Newly Released Boston 2024 Budget Details Contained in UMass Records
More specific budget numbers for key venues in Boston 2024’s Olympic bid are contained in the bundle of UMass emails and documents obtained by Boston lawyer Joel Fleming via public records request earlier this week. These numbers outline out the bid’s budget in greater detail than organizers have already publicly made available, though may not be up to date.
One confidential document, provided to the UMass Donahue Institute (UMDI), provides line-by-line budget numbers for three key venues, whose construction has been a point of contention for critics of the bid: the Athletes Village at UMass Boston in Columbia Point; the temporary, 60,000-seat stadium in Widett Circle, and the International Broadcast Center (IBC)/Main Press Center (MPC) near the Boston Convention and Events Center in the Seaport District.
The numbers are broken down into OCOG (Organizing Committee for the Olympic Games) costs and non-OCOG costs. The $4.7 billion OCOG budget is privately funded and would cover the construction of temporary venues as well as the cost of putting on the games themselves. The $3.4 billion non-OCOG budget, separate from the operating budget, would be funded by a public/private partnership.

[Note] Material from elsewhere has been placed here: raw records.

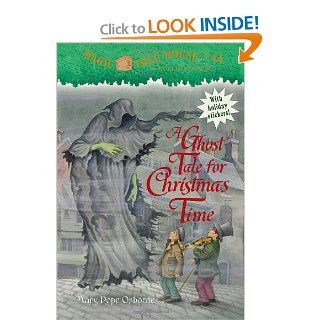 Magic Tree House #44: A Ghost Tale for Christmas Time (A Stepping Stone Book(TM)) (9780375856532): Mary Pope Osborne, Sal Murdocca: Books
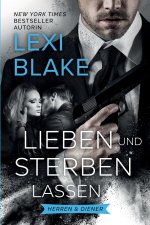 Lieben und Sterben Lassen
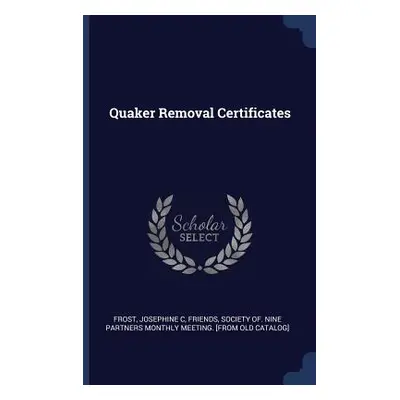 "Quaker Removal Certificates" - "" ("Frost Josephine C.")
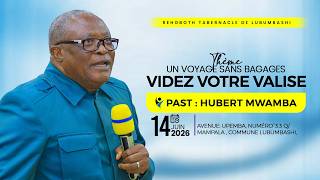 CULTE DU DIMANCHE 14-06-2026 |VOYAGE SANS BAGAGE OU VDEZ VOTRE VALISE | PASTEUR Hubert MWAMBA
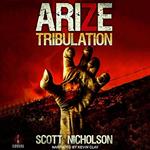 Arize: Tribulation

For each of these three venues, the non-OCOG cost is higher than the OCOG. While the total OCOG cost for the IBC/MPC have been budgeted within $200,000, nowhere are cost overruns factored in. UMDI senior researcher Mark Melnik asked Boston 2024 general counsel Emiley Lockhart about this in a December 11, 2014 email, also included in Fleming’s bundle.
“Would the insurance premiums for cost overruns be covered by the OCOG budget? Is that cost already built in to the budget?” Melnik asked. Lockhart’s response:
To answer your question below about cost overruns and insurance, I can offer the following: Under the IOC rules, the City must be a party to the Host City Contract and, therefore make commitments, including a general financial guarantee. From the start, Boston 2024 has made it clear that it will do everything possible to avoid the City having exposure under its guarantee by protecting against cost overruns and other financial risks. Such protections include, but are not limited to, an insurance package. While the insurance will be obtained in the name of the City and the City will be a beneficiary (thus making the City’s strong credit a relevant factor in the determination of the premiums) the premiums would be paid from the budget for the Games at no cost to the City. Further, Boston 2024 will fully indemnify the City for all of its obligations.
“The transparency that Boston 2024 has bragged about for so long is a joke,” former gubernatorial candidate and United Independent Party head Evan Falchuk told Boston in an email. “Detailed disclosures about this bid haven’t been offered up by Boston 2024, they’ve been extracted from them.”
The same document also breaks down OCOG and non-OCOG costs by sporting event. Many events are listed with a non-OCOG cost of zero. For example, a temporary, 7,000-person shooting range is budgeted for $40 million entirely in OCOG, while a planned 10,000-person venue for handball is budgeted for $5 million in OCOG and $78.5 million in non-OCOG. The proposed velodrome track in Somerville’s Assembly Square, which Mayor Joe Curtatone has publicly opposed, is split, with $30 million budgeted in both OCOG and non-OCOG.
“We are in the early stages of what will be a long and collaborative process that will include extensive public input, and the very preliminary projections that are referred to were just that – preliminary,” says Boston 2024 vice president Erin Murphy. “We will be releasing updated budget and venue proposals based on this extensive public input in the coming months.”
“What we see in these documents is that this is a very costly bid—it requires building the three most expensive Olympic venues from scratch,” Christopher Dempsey of No Boston Olympics said in an email. “London’s Olympic organizers estimated they would spend less than $600 million on those venues — but after overruns they spent more than $1.4 billion. The worst part of all is that Massachusetts taxpayers will be on the hook when overruns happen here. This bid is just too risky, and these documents show that.”